В 1836 году правительство приняло неожиданное решение: заселить евреями пустующие земли Сибири, чтобы создать гам новые сельскохозяйственные колонии. Об этом оповестили все еврейские общины, и сразу же нашлись желающие переселиться. Жизнь "взаперти" в черте оседлости была невыносимой, из года в год власти допекали очередными ограничениями, да к тому же евреи-колонисты освобождались на пятьдесят лет от рекрутского набора, - а какие родители не отправились бы даже на край света, чтобы спасти своих детей от призыва в армию на двадцать пять лет?
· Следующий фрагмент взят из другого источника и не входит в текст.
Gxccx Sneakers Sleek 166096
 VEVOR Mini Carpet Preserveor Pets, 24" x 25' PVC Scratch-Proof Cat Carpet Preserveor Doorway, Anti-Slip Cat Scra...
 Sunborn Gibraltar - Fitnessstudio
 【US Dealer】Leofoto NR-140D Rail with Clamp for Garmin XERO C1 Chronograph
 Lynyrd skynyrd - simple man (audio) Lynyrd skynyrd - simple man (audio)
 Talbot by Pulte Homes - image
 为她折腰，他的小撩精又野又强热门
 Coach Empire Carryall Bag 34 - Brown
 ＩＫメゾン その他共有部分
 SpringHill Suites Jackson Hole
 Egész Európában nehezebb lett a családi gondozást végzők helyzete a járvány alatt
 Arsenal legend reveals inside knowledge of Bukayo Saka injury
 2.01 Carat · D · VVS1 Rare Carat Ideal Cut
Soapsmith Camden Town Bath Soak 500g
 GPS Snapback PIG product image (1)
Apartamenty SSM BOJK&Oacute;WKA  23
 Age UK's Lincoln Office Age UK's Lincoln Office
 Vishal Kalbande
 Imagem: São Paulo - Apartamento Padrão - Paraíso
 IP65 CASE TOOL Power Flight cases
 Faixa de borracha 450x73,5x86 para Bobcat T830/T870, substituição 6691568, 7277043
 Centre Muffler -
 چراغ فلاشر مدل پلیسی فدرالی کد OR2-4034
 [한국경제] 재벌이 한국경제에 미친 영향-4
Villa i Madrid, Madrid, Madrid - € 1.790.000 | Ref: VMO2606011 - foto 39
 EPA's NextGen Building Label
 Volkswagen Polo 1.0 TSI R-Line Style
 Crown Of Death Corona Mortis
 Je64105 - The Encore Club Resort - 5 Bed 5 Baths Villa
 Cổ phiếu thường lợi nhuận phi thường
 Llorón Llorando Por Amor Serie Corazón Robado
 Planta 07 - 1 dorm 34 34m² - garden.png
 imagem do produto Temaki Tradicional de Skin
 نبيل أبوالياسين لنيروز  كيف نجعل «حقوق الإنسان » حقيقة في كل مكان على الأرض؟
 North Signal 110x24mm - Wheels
Не осталось практически ни одного города в западном крае, откуда евреи не просились бы в Сибирь. Из Вильно готовы были немедленно отправиться в путь двести восемьдесят шесть нищих, многодетных семейств; из Гродно - сорок пять семейств, из Витебска - сто тридцать девять, из Митавы - пятьдесят. Кагалы задерживали их отправку, чтобы дотянуть до очередного воинского набора, - и потому самые энергичные, а порой и самые отчаявшиеся, бросали все и шли пешком в Сибирь. Переселенцы объявились неожиданно в Тамбове - к изумлению местных жителей: голодные, больные и в лохмотьях. Об их появлении докладывали из Пензы и Владимира, они прошли через Казань, застряли на зиму в Симбирске. Никто не знал, что ждет их впереди - какой климат, какие условия жизни, но это никого не останавливало. Сибирь была в тот момент избавлением от кошмарного настоящего и зыбкой надеждой на будущее.